Friday, July 25, 2014

Re: [Discuss-gnuradio] comments on stream tags and metadata storage

I've added five issues to cover the topics from my original email and
followups.

http://gnuradio.org/redmine/issues/698 proposes that the key of a stream
tag be a namespaced identifier to avoid conflicts between
individually-developed components.

The other four are listed inline below with additional responses to Marcus:

On 07/25/2014 08:46 AM, Marcus Müller wrote:
> Hi Peter,
>
> I agree that this is a very relevant topic, and especially the
> performance of tag handling might prove to be problematic soon...
> However, it's a bit hard to start a discussion like that; a lot of
> things in GNU Radio are like they are because someone wrote them like
> that, and they proved to just work, or if they didn't, they got remodeled.
> That being said, your mail was very long, and it took me multiple
> sessions to read it. I've now decided to share my reply as partial as it is.
>
> sooo let me just whip up a few comments:
> (1) That's a documentation issue, isn't it?

I don't believe so.

http://gnuradio.org/redmine/issues/699 expands on point (1), that
add_item_tag() can only be safely called from within gr::block::work().

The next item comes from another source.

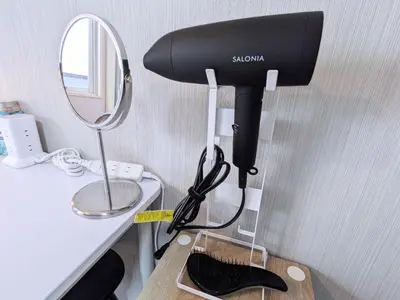 a hair dryer sitting on a counter next to a mirror at Near Shibuya Station Dogenzaka 3Beds Travel Work in Tokyo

> Anyway, I'm not quite sure
> you're right; the insertion of tags is mutexed IIRC, and the
> get_tags_in_range() functionality, too, so once the user got his vector
> of tags, that won't change anymore. There's the possibility that he
> *misses* some of the tags for the range that get inserted after he
> got_tags_in_range(), but that's only fair -- it's quite intuitive not to
> insert tags after you've handed off the samples to which they would
> belong to downstream tags.

I wasn't concerned about tags across multiple calls to
get_tags_in_range(), but for tags that are added to a stream after one
call to work() and before the end of the next call to work().

> (2) that's an interesting point.
>> In the current implementation it's further necessary that tags be
> added to an output in monotonic non-decreasing offset order.
> Uh, that's news to me, can you point me to the reason? If a block
> assumes things to be ordered, but they aren't... again, this is not
> well-documented, so you're right for raising this issue!
>
> I'm a bit worried that you always suffer at one end: If tags are always
> stored ordered, than inserting tags gains computational complexity, even
> if the getter doesn't need them sorted.
>
> In my opinion we shouldn't go for the "generate tags only in work()"
> because that would increase the complexity of the insertion (inserting
> would have to device a check that it's being called from work, or this
> will only be a contract...) and is kind of unnecessary. A block always
> (even outside of work()) has access to nitems_written() so it's always
> able to avoid generating tags for samples that might already have been
> read downstream.

See below at point (4).

> (3) I don't see the relation to the discussion, as you said ;) but that
> sounds like a bug, so if you opened up a new thread or filed a bug at
> gnuradio.org, that would be awesome :)

http://gnuradio.org/redmine/issues/700 records point (3), that GRC
parameter callbacks can be invoked multiple times as a result of a
single user action due to the architecture of GUI and other components.

> (4) I'm fairly certain the buffers use a deque to store tags, not a map
> of any kind. So maybe I'm misunderstanding you, or you misread code
> somewhere?
> I think what you're describing might be a bug in metadata_filesink, so
> that might need some attention! see (3).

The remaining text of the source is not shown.